Did your writing improve today? Is the chapter you wrote good? Is the book getting better?

You genuinely don't know. Unlike running, where a faster pace is objectively better, creative progress is slippery. You might spend a month on revisions that make the book worse. You won't know until much later—if ever.

This uncertainty makes daily work feel questionable. "Why am I doing this? Is it even working?"

Isolation

You write alone. There's no running club meeting at 6 AM to drag you out of bed. No race expo energy. No cheering crowd at chapter 17.

The isolation isn't just logistical—it's existential. Runners share an experience that millions understand. Writers inhabit worlds no one else can see. The loneliness of creative work is profound.

Unpredictable discomfort

Running discomfort is physical and predictable. Creative discomfort is psychological and ambushes you.

Some days the words flow. Other days you stare at a blank screen for hours, convinced you're a fraud, wondering why you ever thought you could do this. The resistance is internal, invisible, and often more painful than physical exhaustion.

As Steven Pressfield wrote in The War of Art, creative work summons a force he calls "Resistance"—a psychological adversary that uses every tool available to stop you. Marathons don't have Resistance. They just have miles.

Arguable completion

Even when you finish, completion is arguable.
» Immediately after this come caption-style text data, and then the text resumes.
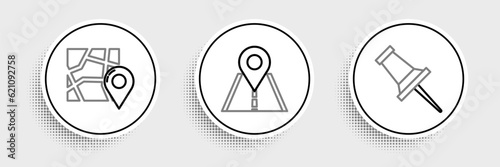 Set line Push pin, Folded map with location marker and Road traffic sign icon. Vector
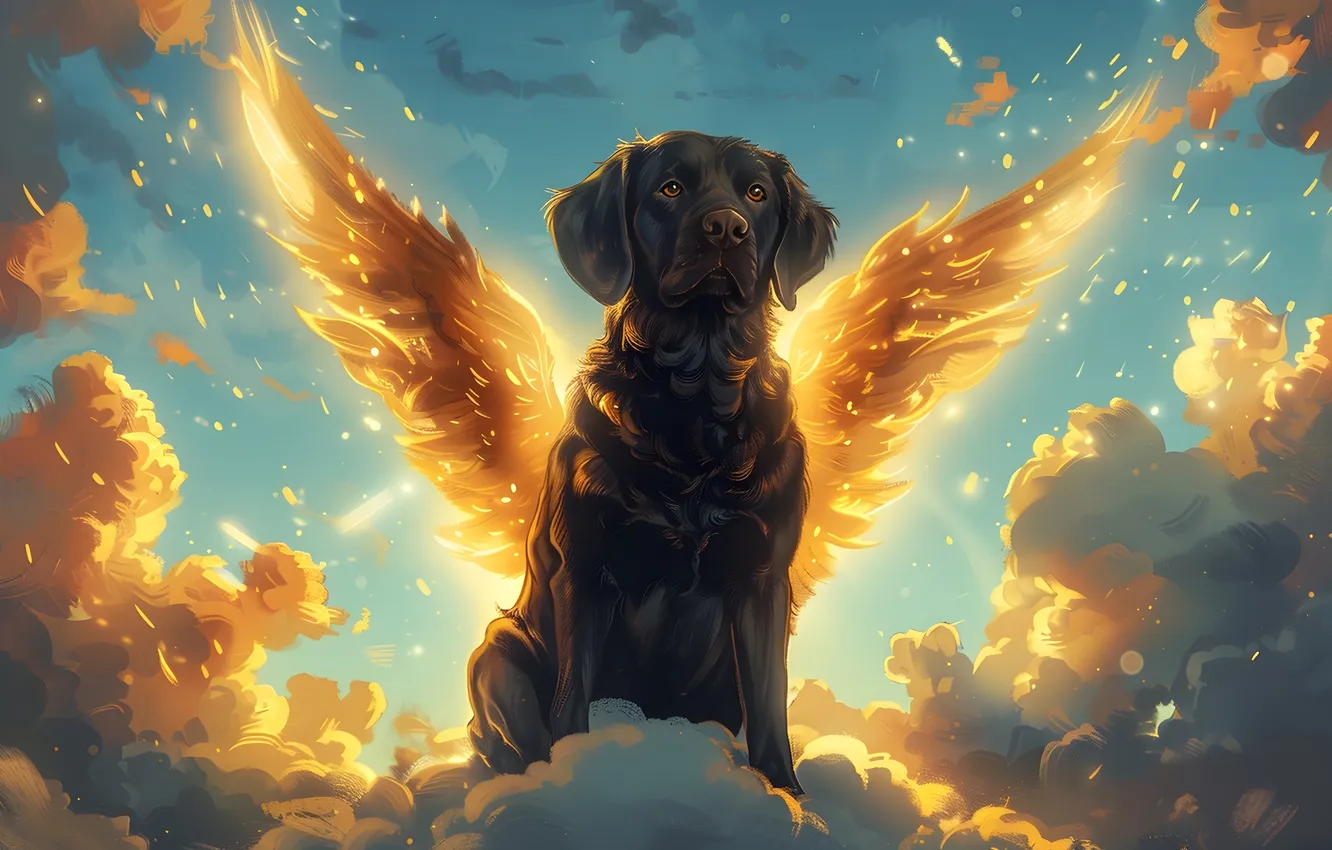 Photo wallpaper clouds, wings, dog, angel, Labrador, digital art, AI art, The Art of Artificial Intelligence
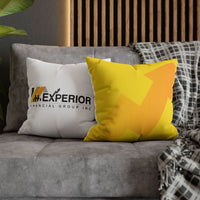 Spun Polyester Square Pillowcase, Yellow and White
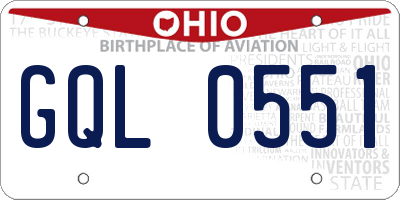 OH license plate GQL0551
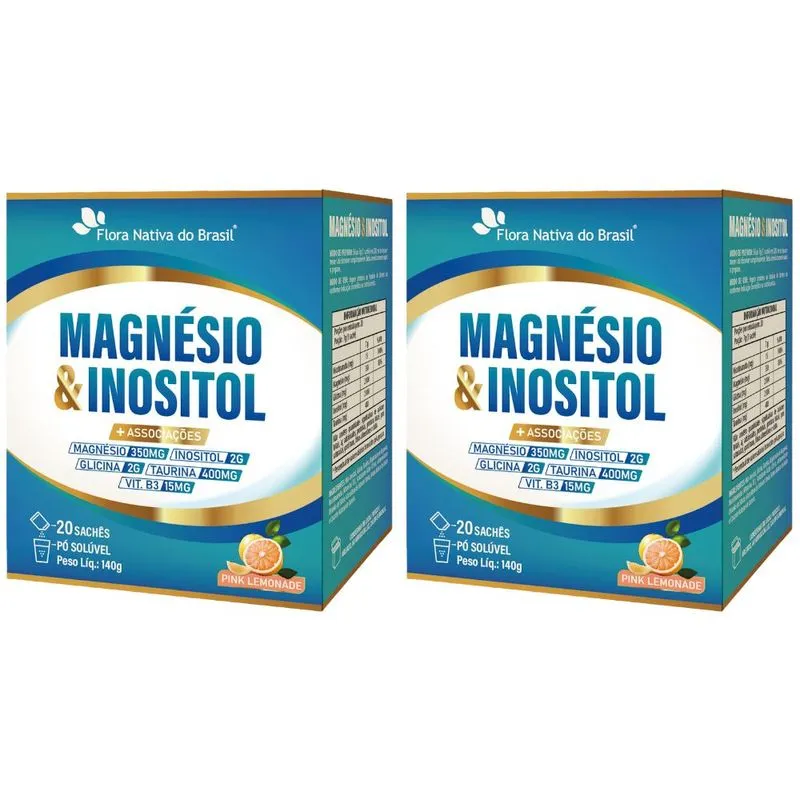 KIT 2X Magnésio com Inositol, Glicina, Taurina e Vitamina B3 - 20 sachês - Flora Nativa - Pink Lemonade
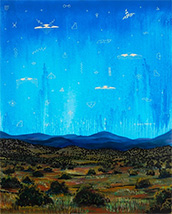 Contemporary landscape painting by Jesse Littlebird on exhibition at Blue Rain Gallery in Santa Fe, NM, February 28 - March 11, 2025, 030825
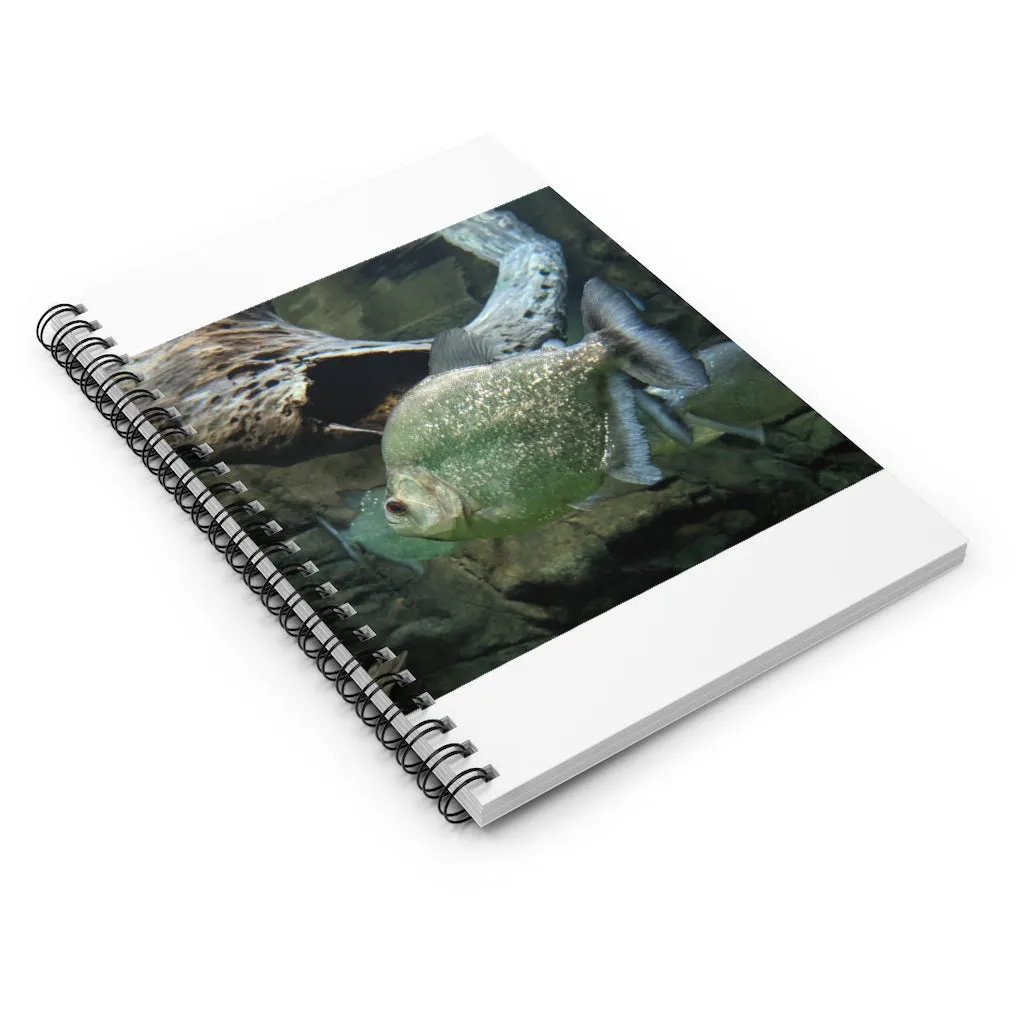 Glitter Green Fish Spiral Notebook - Ruled Line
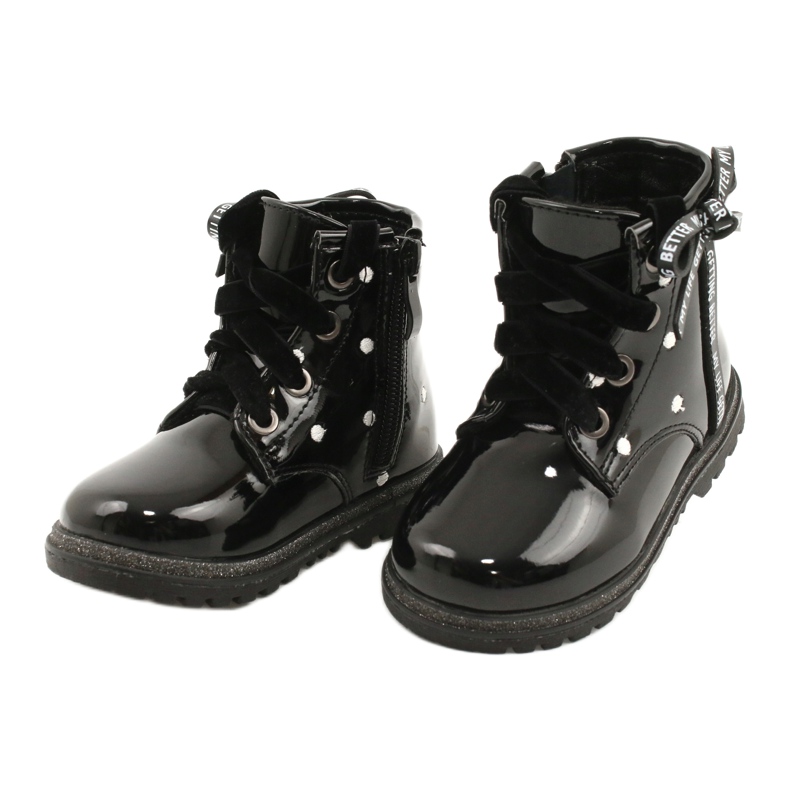 Evento Stivali da bambina, fiocco laccato 20DZ60-3246 nero 2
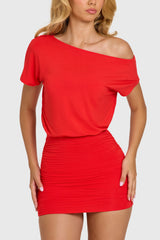 Modal Off-Shoulder Mini Dress In Cherry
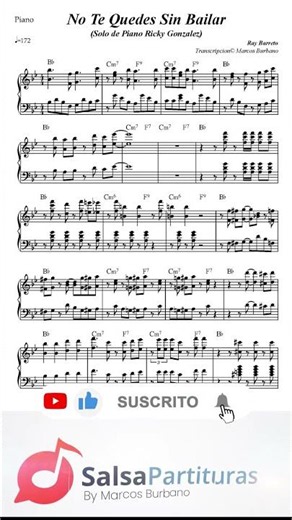 NO TE QUEDES SIN BAILAR (Ray Barretto) SOLO DE PIANO Ricky Gonzalez | Partitura Pdf y Midi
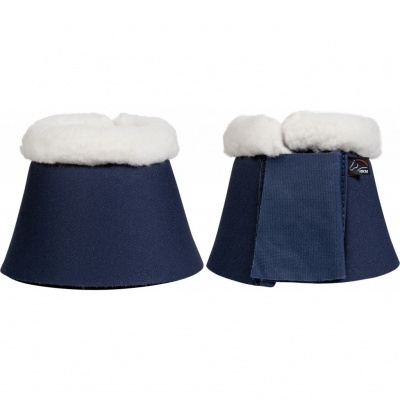 Campanas para cavalo azul com pelo branco e aba em velcro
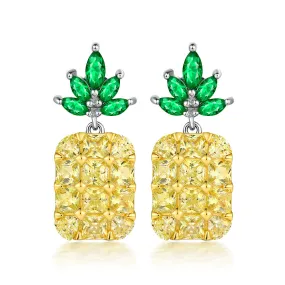 Zircon Pineapple Silver Studs Earrings for Women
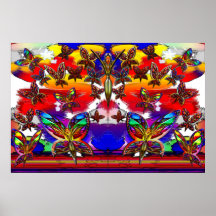 Copie de paysage d'ange de vol de femme de papillo posters
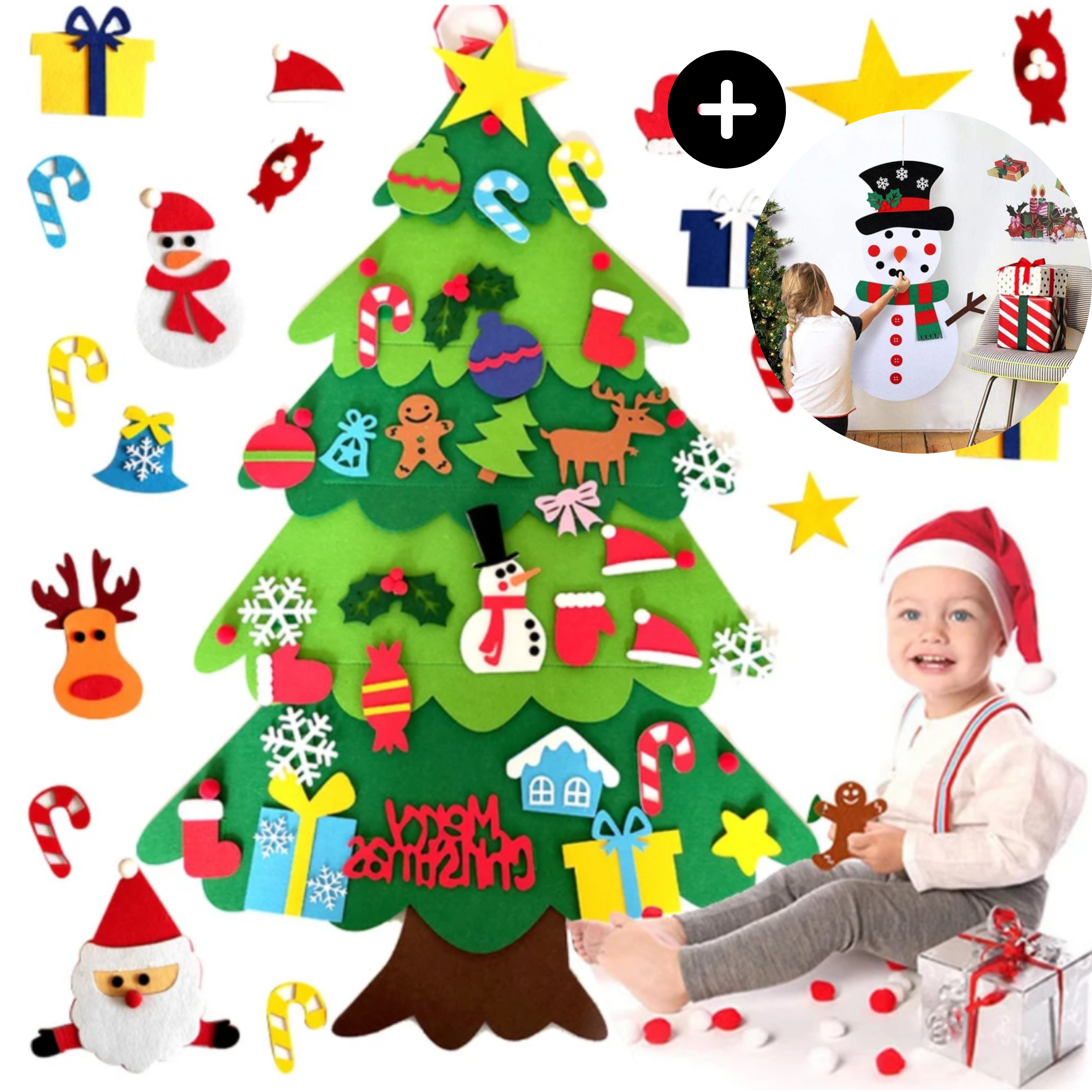 BowLift | Felt Christmas Tree for Kids – Montessori Learning Toy with 32 Ornaments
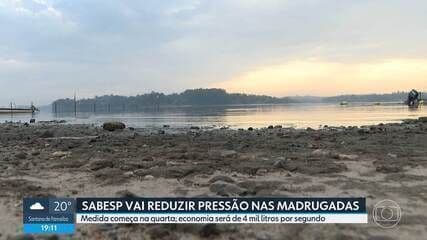 Sabesp reduzirá pressão de água na Grande São Paulo a partir de quarta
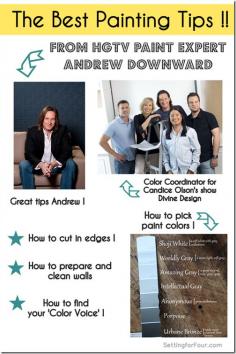 
                    
                        The Best Painting Tips from HGTV Paint Expert Andrew Downward , the color coordinator for Candace Olson's HGTV show 'Divine Design'! Great decor tips!
                    
                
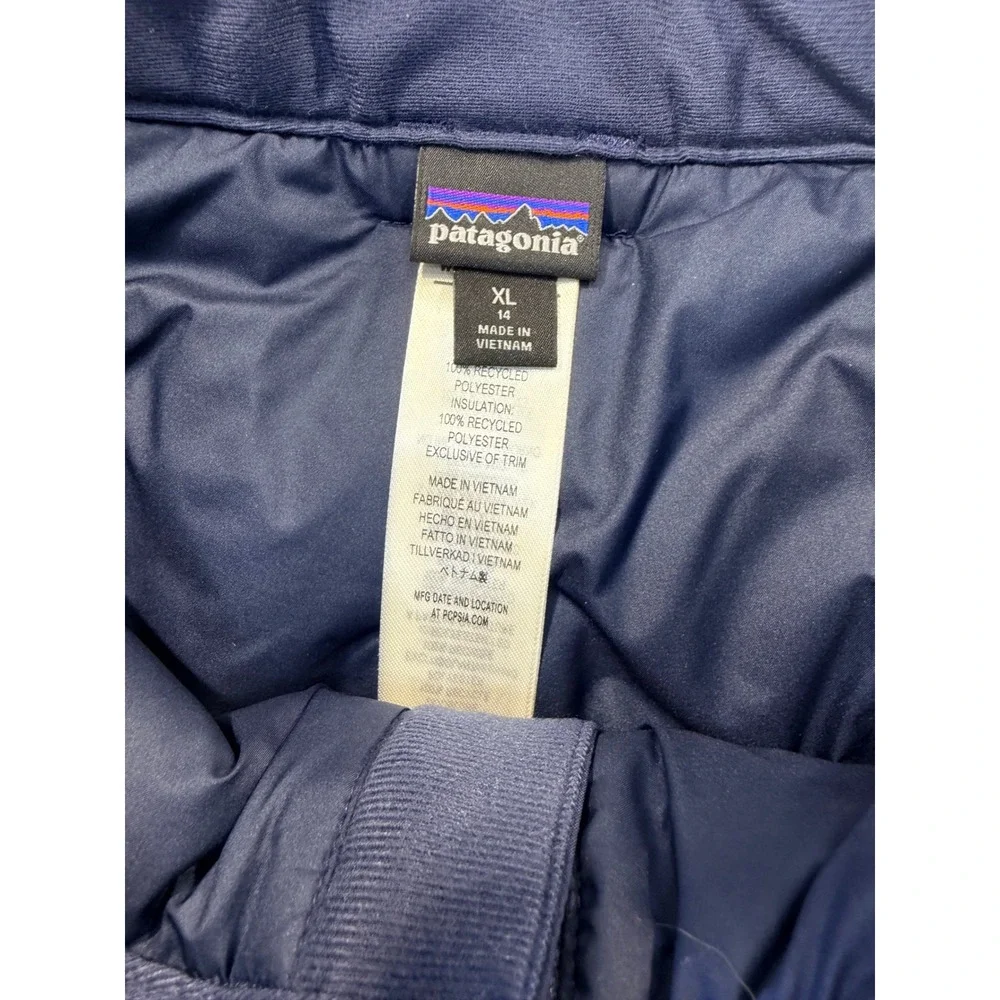 Patagonia Kids XL 14 Insulated Snow Ski Pants Navy Blue 68560 FA23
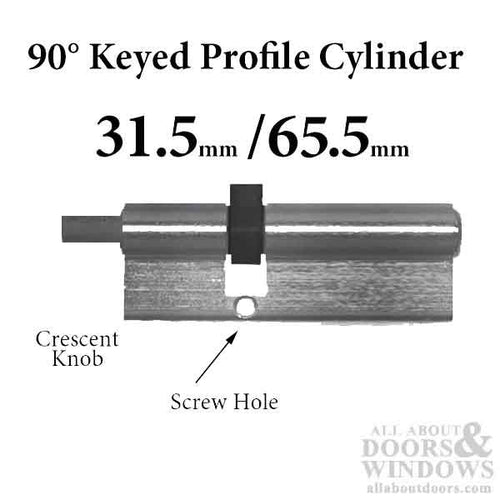 31.5/65.5 Hoppe 90° Non Logo Keyed Profile Single Cylinder Lock - Brushed Satin Chrome - No Knob - 31.5/65.5 Hoppe 90° Non Logo Keyed Profile Single Cylinder Lock - Brushed Satin Chrome - No Knob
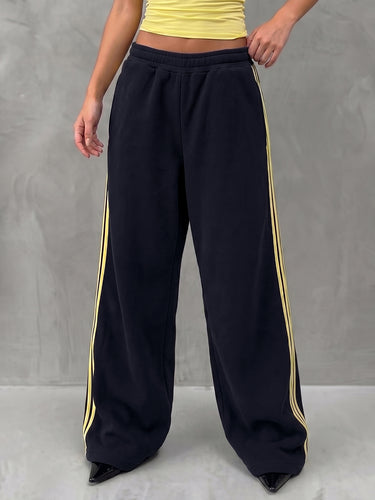 1772722 Hoog getailleerde wijde pijpen, elasticiteit, zakken, gestreepte broek, broek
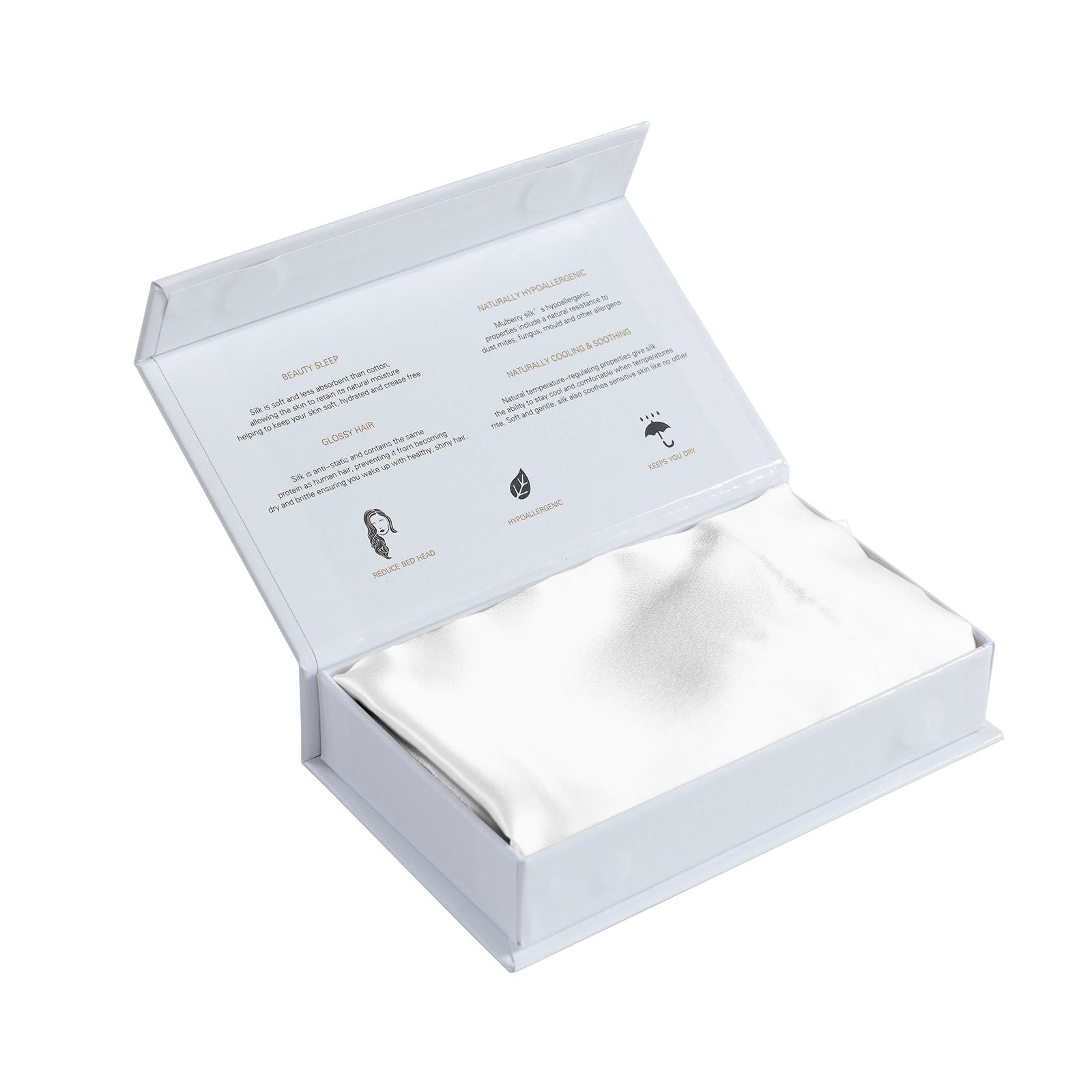 MULBERRY SILK PILLOW CASE TWIN PACK - SIZE: 51X76CM - WHITE-1951134812123303941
You finished a draft—but is it good? You published it—but it didn't sell. You sold copies—but the reviews were mixed. At every stage, there's room for doubt that the marathon finish line doesn't permit.

This arguability haunts creative work in ways that physical accomplishments don't.

The Case for the Creative Misogi

Given all these difficulties, why would anyone choose a creative Misogi over a physical one?

Because the rewards are equally distinctive:

Permanent creation

The marathon is over in hours. The medal goes in a drawer. The accomplishment exists in memory and on a finisher's list.

A book exists forever. A painting hangs on walls. An album plays for decades. Creative work produces artifacts that persist independently of the creator. You've added something to the world that wasn't there before.

Unlimited ceiling

You can only run a marathon so fast. Human physiology has limits.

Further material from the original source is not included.